J’avoue ma surprise. Je ne m’attendais pas à autant de diversité, dans les styles, les formes et les couleurs. J’ai été saisi par la beauté de tant d’objets précolombiens dont regorgent les musées de Lima, notamment les fondations privées. Chacune de ces cultures témoignent d’imaginaires spécifiques dans une tradition de croyances et de coutumes communes et passionnantes. Le temps des préjugés, où je résumais la culture péruvienne aux seuls Incas - c'est-à-dire le mois dernier ! - me parait bien archaïque. Il était temps ! Pendant près de 15 jours, j’ai eu la chance de sillonner la ville de Lima en tous sens. Dans de nombreux lieux, j’ai pu photographier les objets par dizaines. J’en restitue dans ce carnet les exemples les plus symboliques ou les plus émouvants, sans volonté d’exhaustivité (ni scientifique ni esthétique). Souvent, c’est juste la qualité des photos qui a simplement guidé mes choix...

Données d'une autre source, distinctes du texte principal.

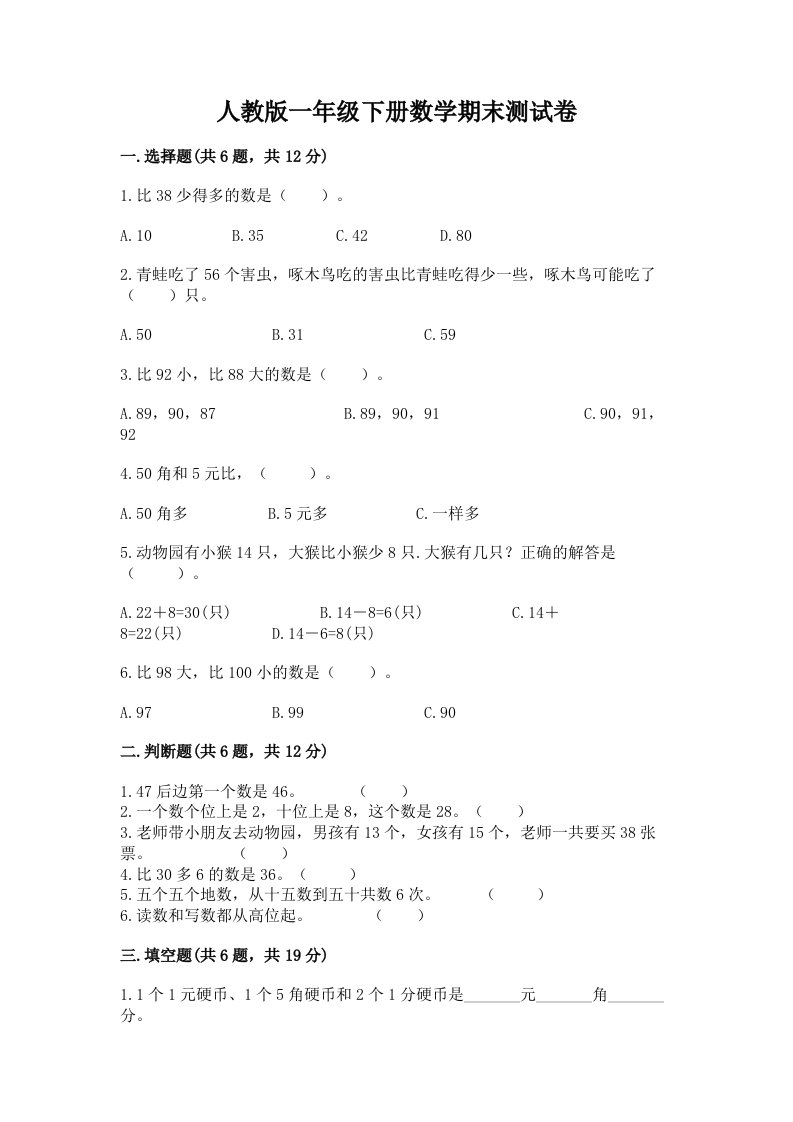 人教版一年级下册数学期末测试卷及答案（历年真题）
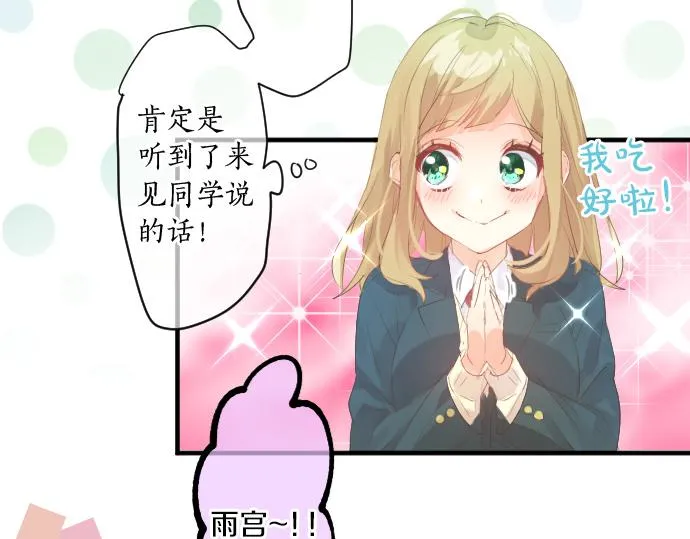 第250话 情书 第40页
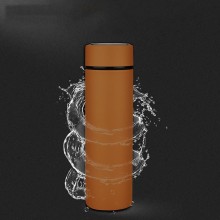 Termos Inteligent SIKS cu Termometru, 500 ml, Maro
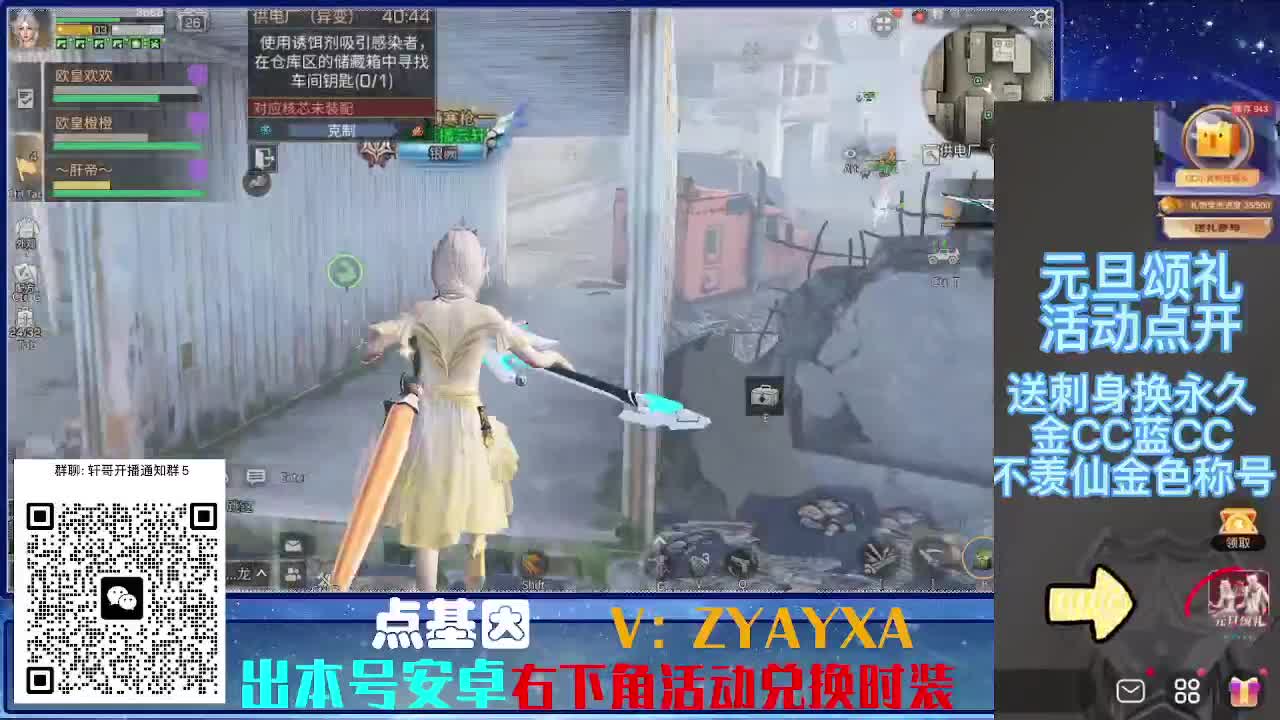 永久蓝金CC不羡仙兑换秒到 第4段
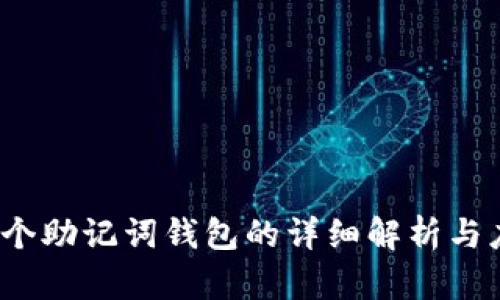 12个助记词钱包的详细解析与应用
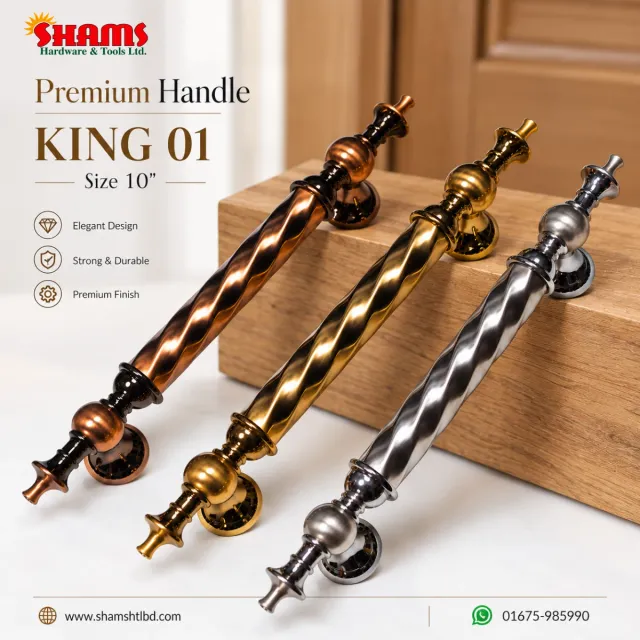 SHAMS Premium Door Handle – KING 01 10 Inch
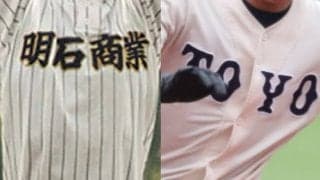 【兵庫】3日に近畿大会かけた準決勝！明石商、報徳学園、東洋大姫路、市尼崎がサバイバル戦へ！【26年秋高校野球】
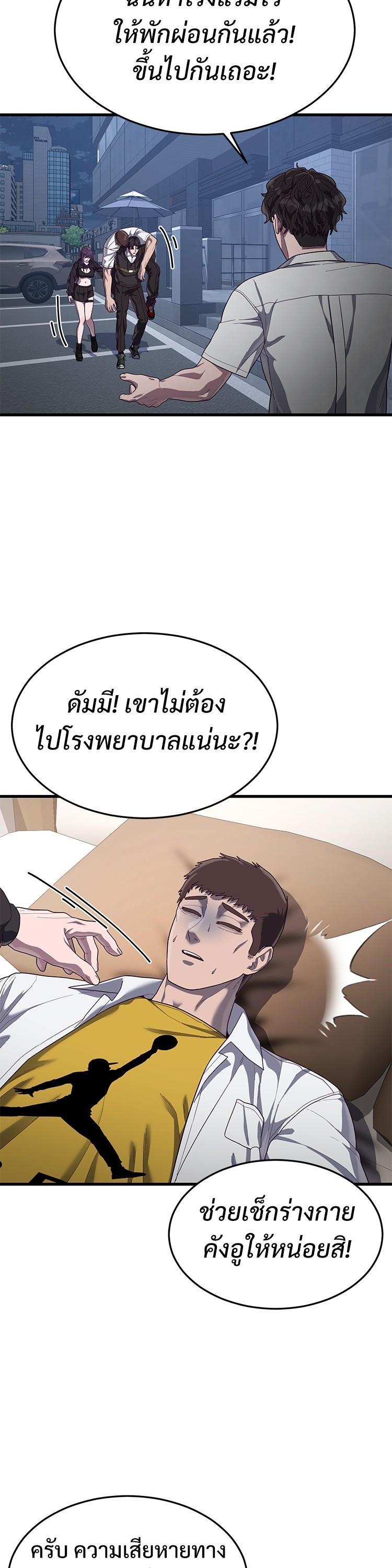 Manga-lc-com อ่านมังงะ อ่านการ์ตูน ออนไลน์ ฟรี Absolute Obedience ตอนที่ 1 2 3 4 5 6 7 8 9 10 11 12 13 14 ฟรี ไม่มีโฆษณา Manga-lc - อ่าน มังงะ อ่าน การ์ตูน ออนไลน์ อ่านมังงะ ฟรี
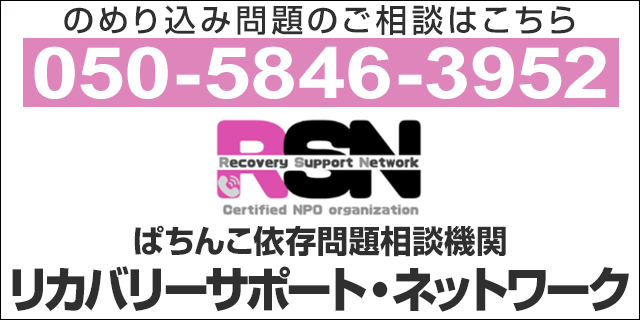 パラディソ沖野店の最新情報画像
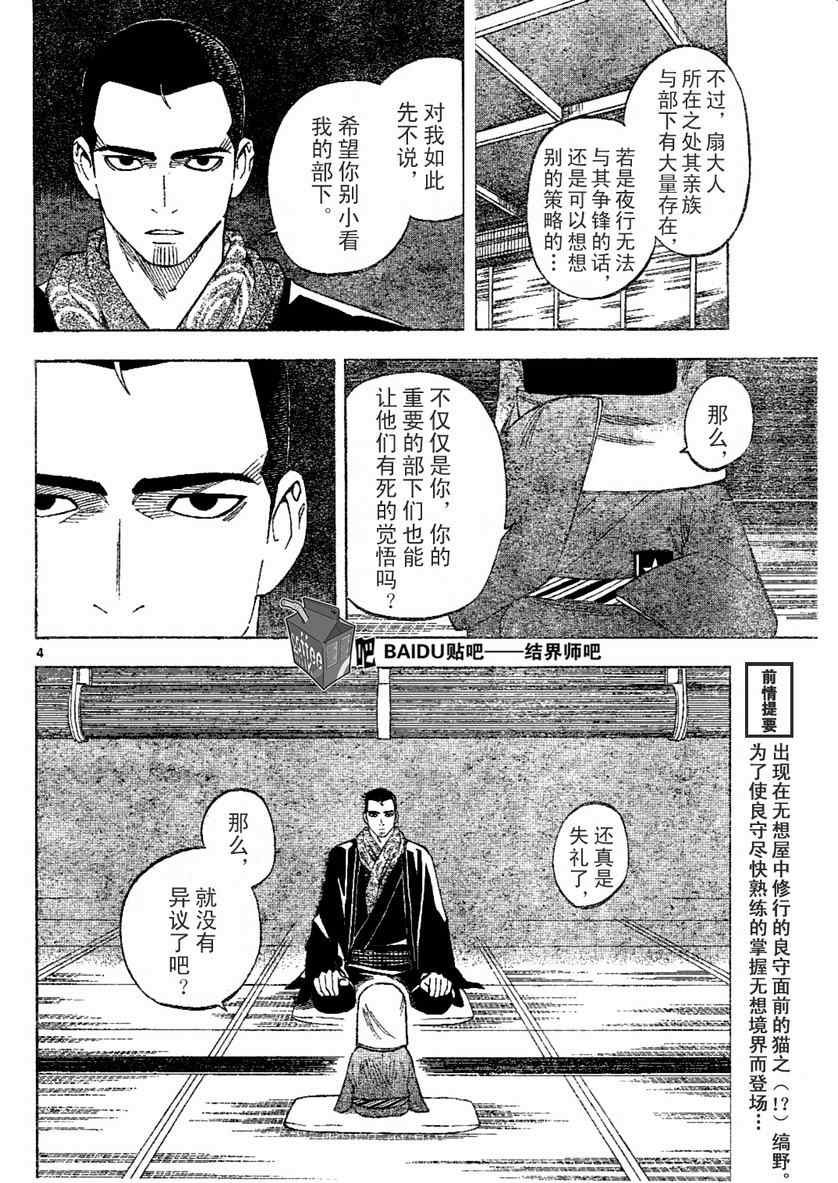 第241话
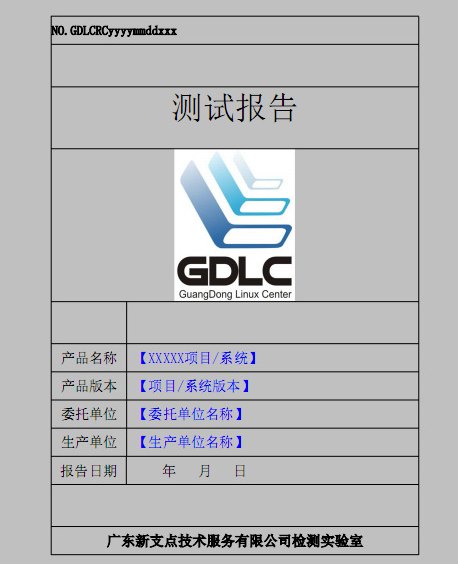 信息系统工程验收测评依据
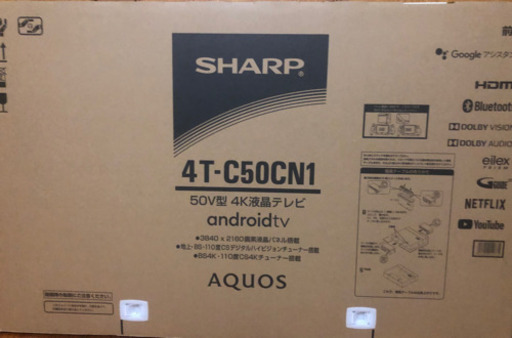 新品　シャープAQUOS 50型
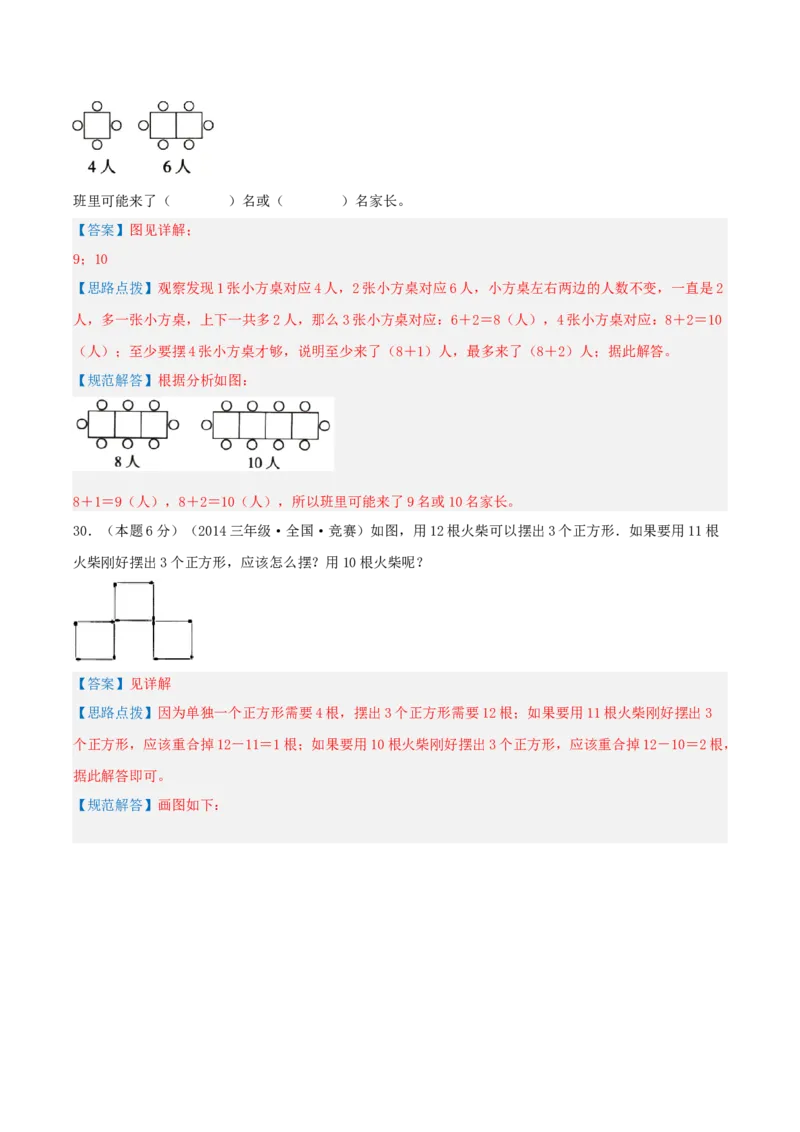 第六单元认识图形-（真题汇编）全解全析_26春北师大版数学二下_19、赠送其它资料_二年级数学下册（北师大版）_旧版_二年级数学下册（北师大版）_母题专项练习-K34_2025版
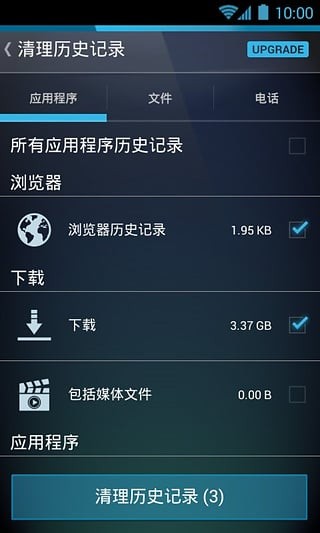 AVG Cleaner Pro截图3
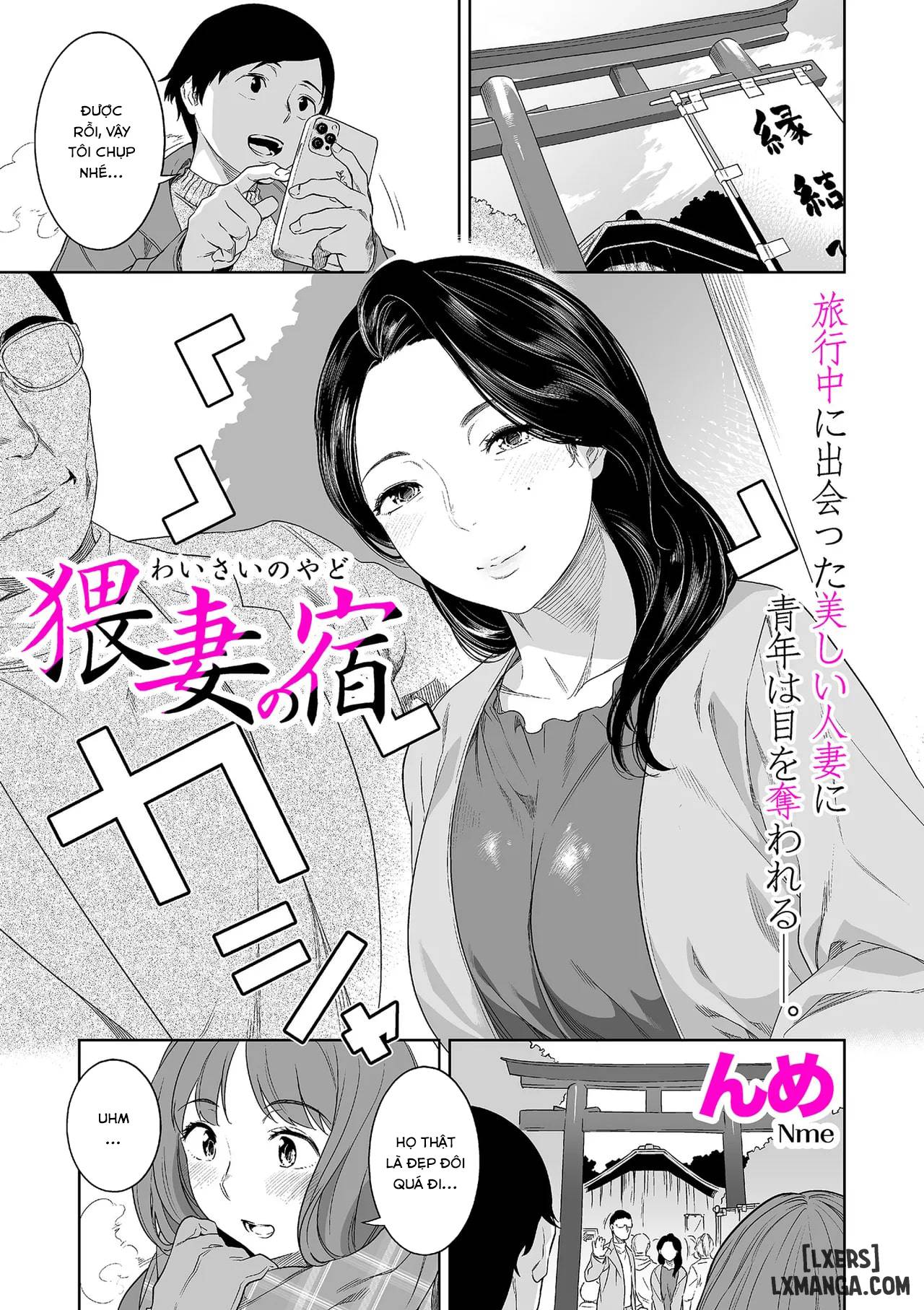 Truyện Waisai no Yado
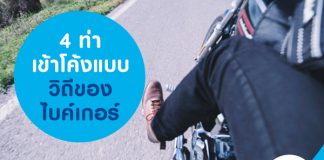 4 ท่าเข้าโค้งแบบวิถีของไบค์เกอร์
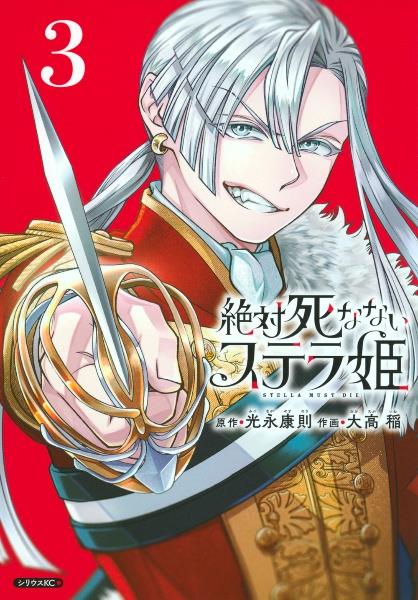 ザ・ファブル 22巻 | 宅配コミックレンタルのTSUTAYA DISCAS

Quoi qu’il en soit, je vous invite à découvrir la richesse de l’art précolombien de Lima. Petit abécédaire des cultures
Paracas,
Nasca,
Chavin,
Moche (ou Mochica),
Tiwanaku,
Huari, et bien d’autres...
Au classement des musées les plus envoûtants de la ville, le n°1 est sans contestation possible le
museo Larco, pour sa collection inégalée de
huacos retratos (céramiques anthropomorphes sous forme de vases-portaits). Dans un des plus beaux cadres colonial de la ville, il a fait de la culture Moche (ou Mochica) sa spécialité. Il faut découvrir ses univers si différents, des réserves étonnantes de milliers de pièces non exposées à la scénographie moderne et épurée des céramiques érotiques. je vous invite ensuite à découvrir le
museo Amano, moins connu et plus difficile d'accès (sur rendez-vous uniquement, mais gratuit !), fondation japonaise et péruvienne d’un autre temps. La scénographie est mauvaise (ou vieillotte, selon les humeurs) mais la qualité des tissus est exceptionnelle. Ce sont là parmi les plus belles pièces du Pérou. La guide vous les fera découvrir une à une, en ouvrant chaque tiroir précautionneusement pour ne pas altérer les couleurs, véritables trésors des cultures précolombiennes (certains tissus valaient plus que l’or).
Enfin, il est difficile de ne pas aller voir le
museo nacional de antropologia, arqueologia e historie del Peru et le
museo de la nacion, tous les deux "généralistes" et publics, mais avec une scénographie inégale. Ce côté "un peu de tout" est une bonne chose pour les voyageurs pressés mais on reste sur sa faim.
Cela m’amène au musée que vous pouvez éviter, temple pour gogos (dont j'ai fais, hélas, partie !) : le
museo de oro del Peru (le musée de l’or) ne mise que sur l’attrait facile de nos sociétés pour le métal jaune. La scénographie est mauvaise, les collections d’armes du monde n’ont aucun intérêt, la majorité des objets en or sont des faux... et le prix d’entrée est prohibitif (lui seul constitue d’ailleurs la véritable pépite de ce "business" culturel). Seules quelques pièces intéressantes sauveront in extremis votre visite. Ce musée ne vaut pas les commentaires qu’il peut recevoir dans la plupart des guides.